四曲それぞれ、やりたいことを好き放題やっている感じですが、なかでもやはり表題曲の「Music」が素晴らしいです。今まで「FANTASMA」や「Point」で培ってきた手法を聞きやすくポップミュージックとしてまとめた感じ。相変わらず、鳴っている一音一音が研ぎ澄まされていて、音達をふわっと「曲になる寸前」でまとめたような不思議な感触。それゆえにものすごく音と音の隙間が聞こえてくる。そしてその隙間が、重なる声や、シンセで埋まっていく時にじわじわと訪れるカタルシス。空間を自在にあやつるこの曲は、何度も何度も聞きたくなる中毒性ある仕上がりになってます。


二曲目の「GUM」はCMで耳にした人も多いと思いますが、その人達もまさかCMのような感じで3分すべてが過ぎるとは思ってないでしょう。金属的なギターが鳴る中、声が左右からぽろぽろこぼれてくる、ハードコアでありながらコミカルな曲。楽しいです。


三曲目の「Clap & Whistle & Walking」は自然音の取り入れ。
「Point」でやってた手法ですね。


そして問題の四曲目、「The Star Spangle-Gayo」。約35分あるこの曲は、最初30秒程度に日本とアメリカの国家を混ぜたようなアコギのメロディが流れた後、ギターの残響音が引き伸ばされて引き伸ばされて30分。こういうのはMassive Attackとかもやってる手法で(「100th Window」にて)、単純にミュージシャンの自己満足と切り捨てるか、それとも新しいアンビエントの形だとか意味を見出して語るか、困るんですが…意外と苦痛じゃないし嫌いじゃなかったりします。うーん。
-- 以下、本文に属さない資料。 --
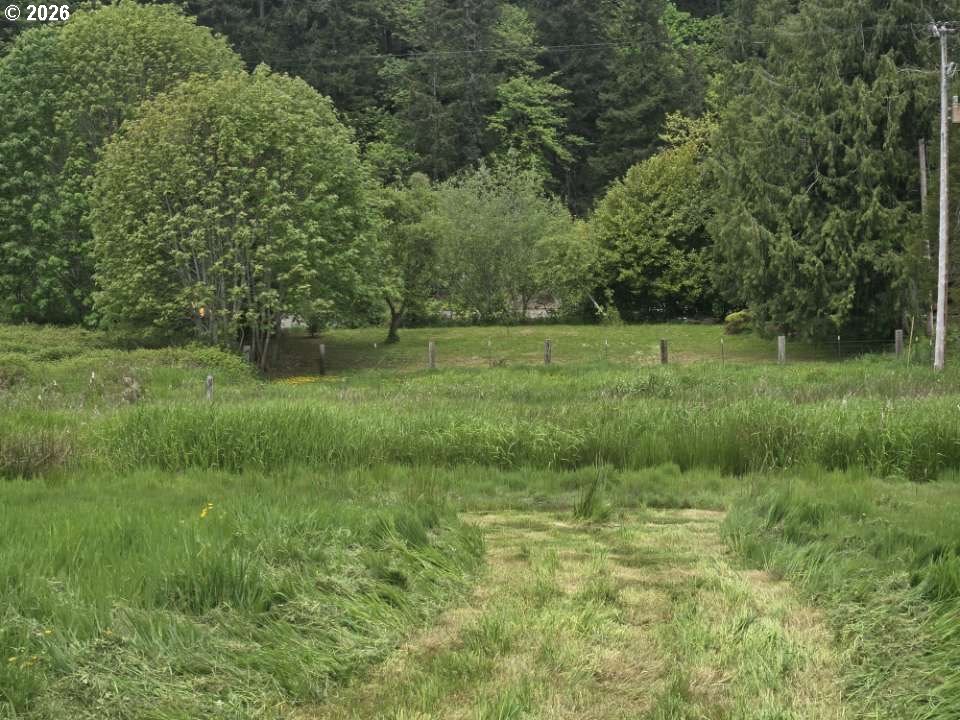 10195 Sweet Creek Road Mapleton, OR 97453 - Photo 8 of 9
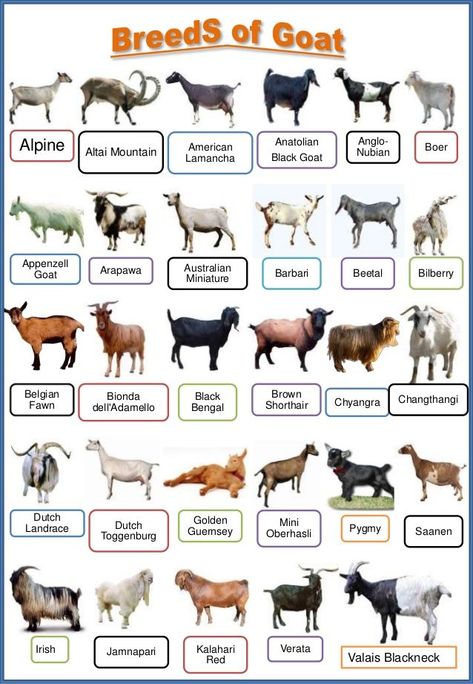 These are the common breeds of goat (both local and exotic breeds) Goat Playground, Goat Pen, Goat Shelter, Goat House, Raising Farm Animals, Goat Care, Goat Barn, Raising Goats, Pygmy Goat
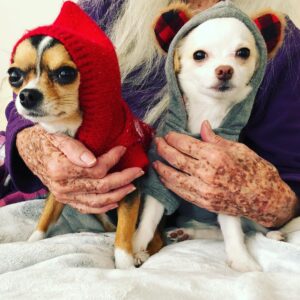 Kenia Gascón Instagram - Qué día tan helado!!! #chihuahuas #lovingchihuahua #💜dogs
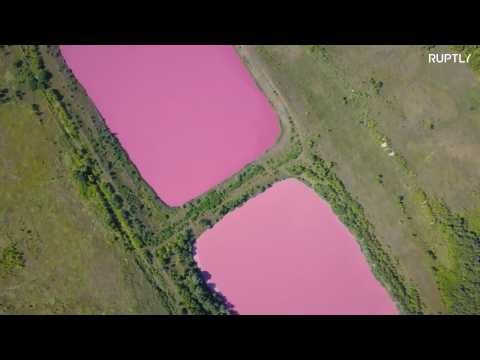 Reservoirs in Samara mysteriously turn pink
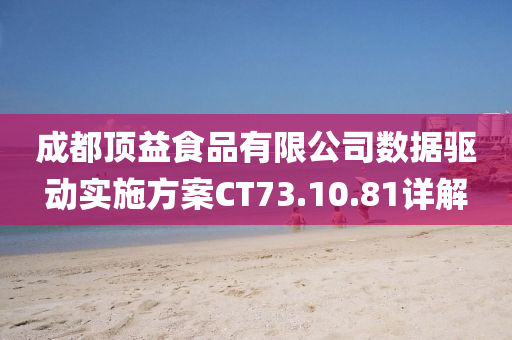 成都顶益食品有限公司数据驱动实施方案CT73.10.81详解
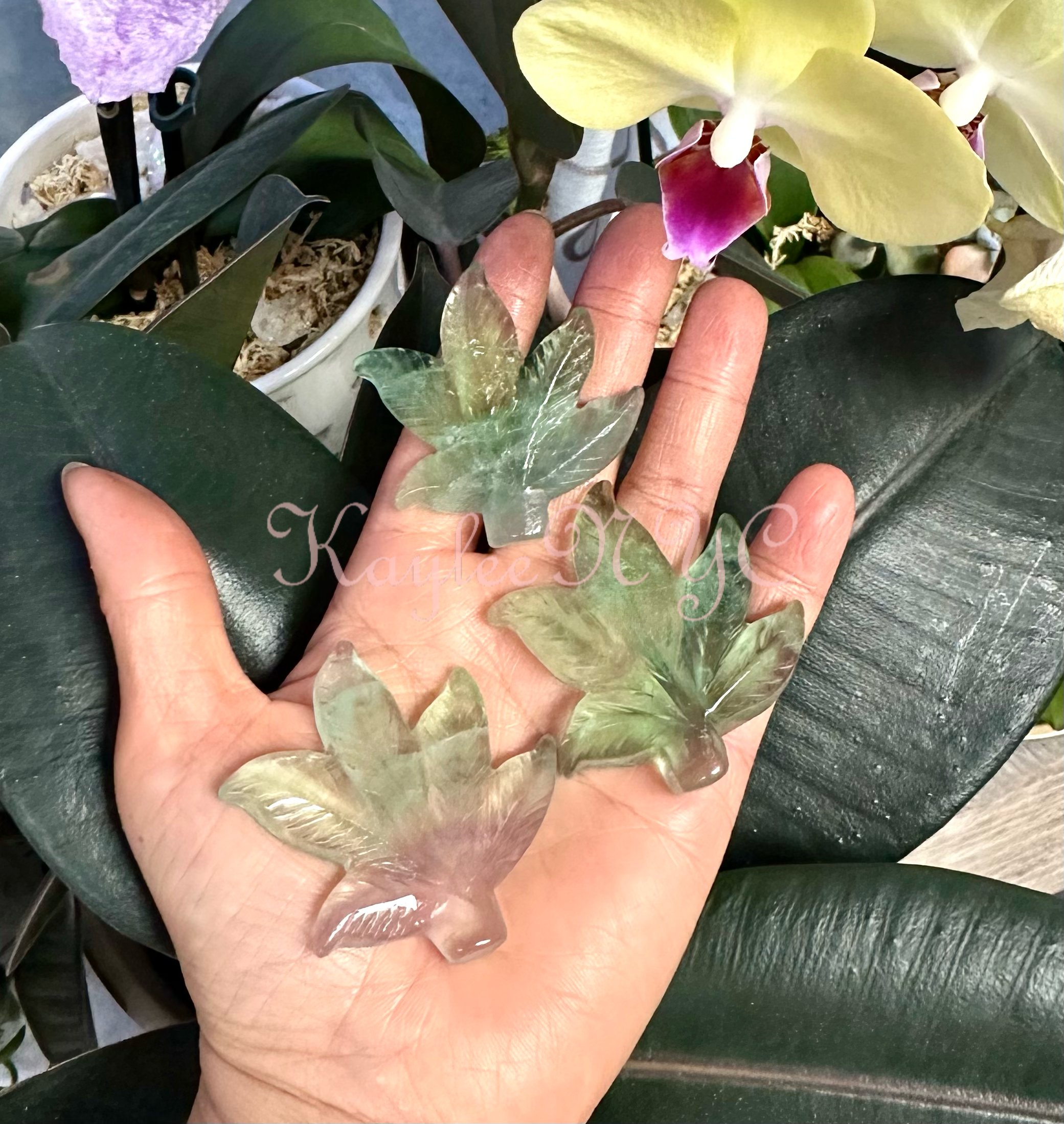 2” Natural Fluorite Pot Leaf Healing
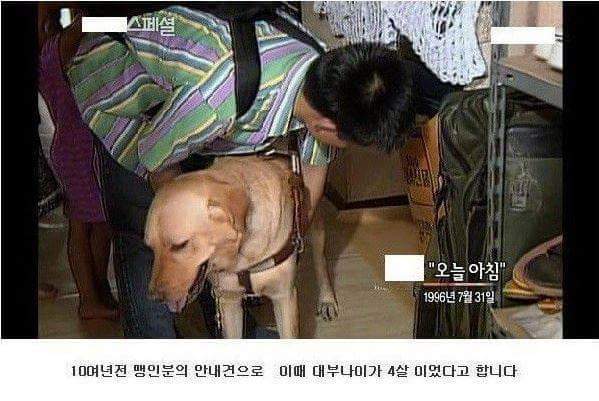 세상에서 가장 아름다운 이별 | 인스티즈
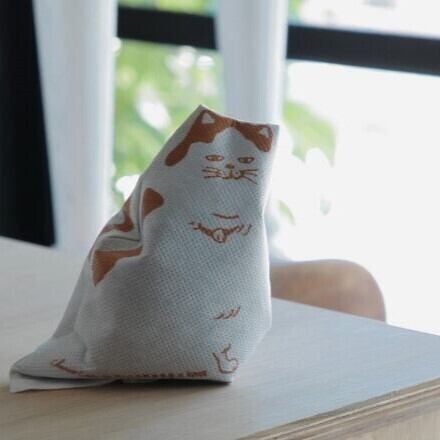 炭猫　チャコキャット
とりあえず、最近音楽に刺激が感じられなかったんですが、これは久々に刺激を受けたシングルでした。繰り返しになりますが、特に表題曲の「Music」。新しいもの好きな人も、音楽にそこまで興味のない人もどちらも満足させられるような、絶妙なバランスの、耳が研ぎ済ませれるかのような気持ちの良い「音」が鳴ってます。ぜひ聞いてみてくださいな。